Tel Aviv of yesteryear

A translation of "Petty Business" provides comedy and nostalgia.

PRIME MINISTER Yitzhak Rabin and Tel Aviv mayor Shlomo Lahat walk down Herzl Street in Tel Aviv in 1975 (photo credit: YAACOV SAAR/GPO)
PRIME MINISTER Yitzhak Rabin and Tel Aviv mayor Shlomo Lahat walk down Herzl Street in Tel Aviv in 1975
(photo credit: YAACOV SAAR/GPO)
Petty Business is the fix that nostalgia addicts crave. It will appeal to those who yearn to return to the Tel Aviv of the 1970s, ’80s and early ’90s. Then, it resembled a European city – gracious but with a low-key, small-town feel, a place where you would go to have cake and coffee and watch the Med, not the metropolis of 2018 with its cutting-edge architecture, its hi-tech bustle, its super highways that turn into elongated parking lots each day.
But this novel is set not only in the Tel Aviv of mayor Shlomo “Chich” Lahat, but in an Israel in which Menachem Begin’s first two finance ministers, Simcha Ehrlich and Yigal Hurvitz, would feel comfortable. In that pre-“start-up nation” era, grocery store owners, such as this novel’s Yosef Zinman – rather than today’s software moguls – were among the country’s most prosperous citizens. A trip abroad featured a travel tax – the author rightly refers to it as a “travel ransom” – and holding foreign currency, except for that purchased from a bank and for the trip, was verboten.
Even if you don’t remember Chich and have never been forced to buy dollars on the black market, you may enjoy Petty Business, as author Yirmi Pinkus is brutally honest and a keen observer of Israelis in particular and people in general. Plus he has a subtle sense of humor, which still comes across in the smooth translation by Evan Fallenberg and Yardenne Greenspan.
The novel follows two sisters, Tzippi Zinman and Dvora Saltzman, and their families as they plan a vacation to Austria.
Tzippi and Dvora don’t look alike, but their similarities flow from living in close proximity for so many years, Pinkus writes.
“The four decades they have spent living side by side have distilled themselves into a pronounced family look that is unmistakable: the pursing of lips that accompanies the end of questions; scratching the tip of the nose in moments of embarrassment; the preference for wide tunics that fall nearly to the knee; and the huge plastic-frame glasses that both wear.”
The author is adept at revealing people’s foibles but perceptively and in an offbeat and seemingly offhand manner. For example, Tzippi was both successful and wealthy. However, she had a serious character flaw: she liked to make promises but not follow through.
“The promises she made stemmed from a deep, noble place: the fact that no actual deed could awaken in her soul the same kind of excitement generated by the mere announcement of her intentions.”
Tzippi and Dvora’s brother Avrum is a slightly mysterious character who suffers from an excess of theatricality and ceremoniousness that “prevented people from getting angry at him, just as they were prevented from taking him seriously.”
The author loves to expose hypocrisy. Both families are very solicitous about the welfare of their wealthy maiden Aunt Masha. From her youth until the end of her middle age, Masha liked to party and sought the company of men.
“Behind her back,” the author notes, “members of the family wrinkled their noses with a sanctimoniousnesss meant to conceal the fact that they were concerned about the future of her assets.

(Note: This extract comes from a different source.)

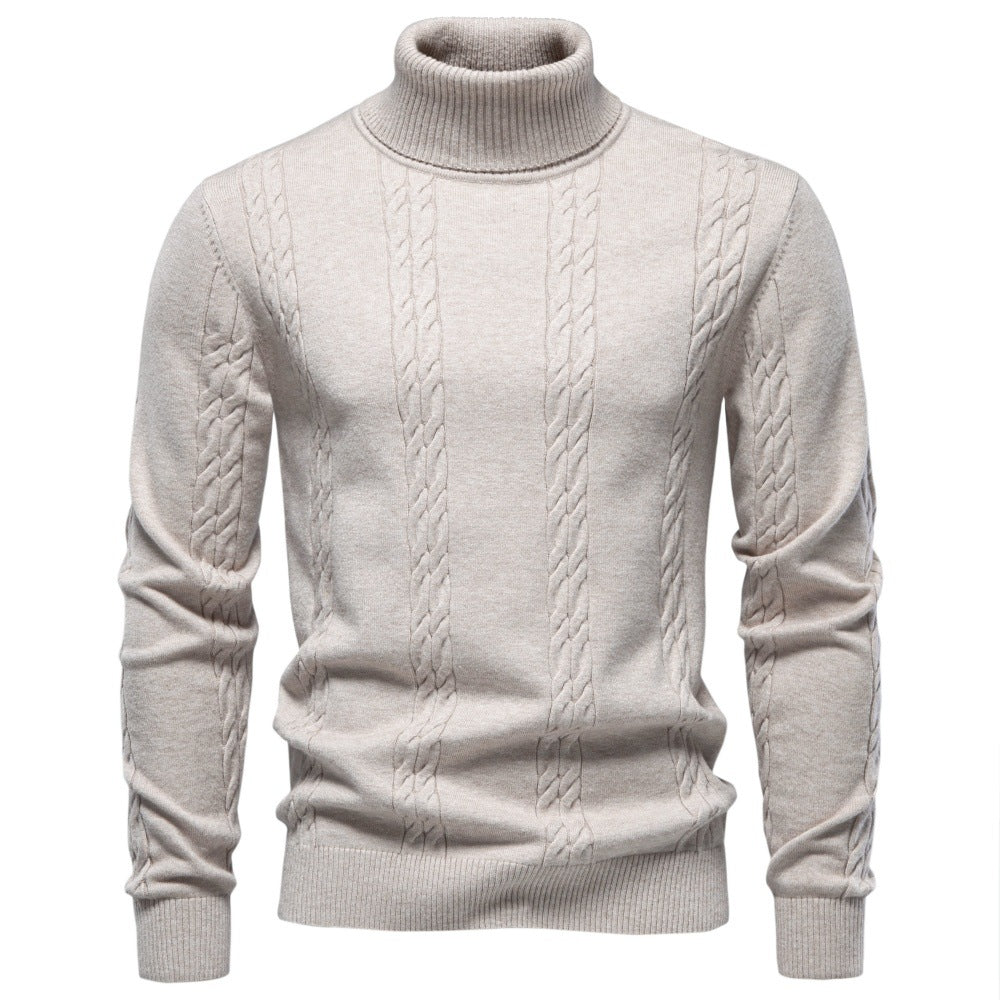 Men’s Cable Knit Turtleneck Sweater-thumbmail-11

Still, not one of those men who passed like a cloud in the skies of the inheritors’ hopes succeeded in endangering their rights,” for Masha had long ago decided to leave her wealth to her relatives. The author casts light on the problem of tax cheating and the shady nature of some businesses operating illegally on the periphery of Israeli society.

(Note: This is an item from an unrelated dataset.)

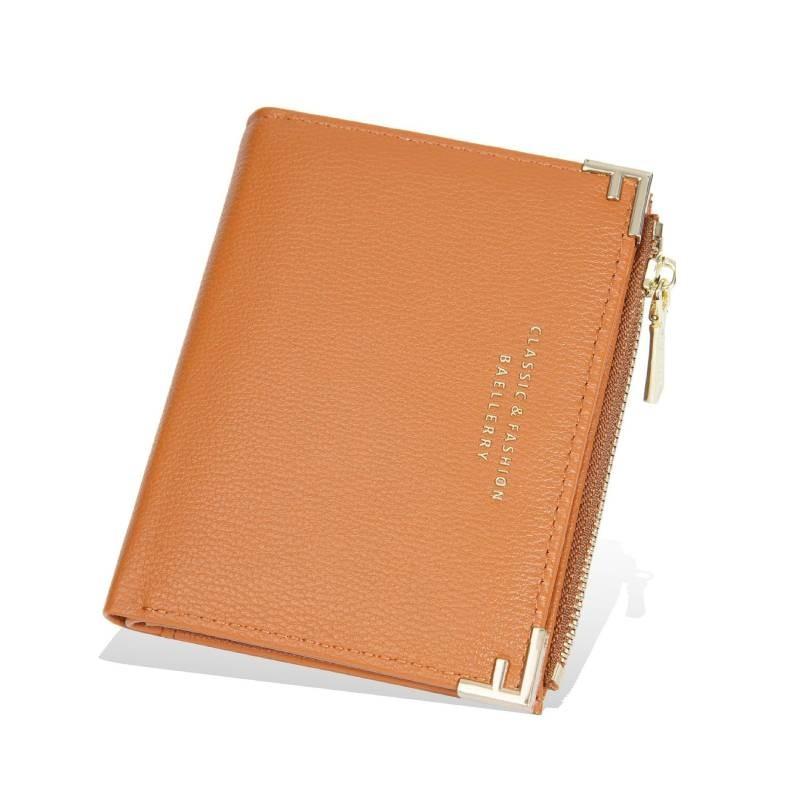 Simple Short Wallet For Women Pu Leather With Antitheft Zipper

Although a comedy, Petty Business has a somber dimension. The tragedy that befalls the family was both not unexpected and devastating.
Overall, this is a delightfully humorous novel. Petty Business may not engender loud guffaws, nor even many chortles, but you’ll find a smile frequenting your lips as you read.
The book deals with a specific time in the life of Israel and Tel Aviv, but much of the human folly that the author pillories also can probably be found in Timbuktu, Tallahassee and Tehran – any place that we sometimes greedy, selfish, hypocritical Homo sapiens call home.
Aaron Leibel is a former editor at The Jerusalem Post and Washington Jewish Week. His novel, Generations: The Story of a Jewish Family, which spans 1,500 years and three continents, is available online.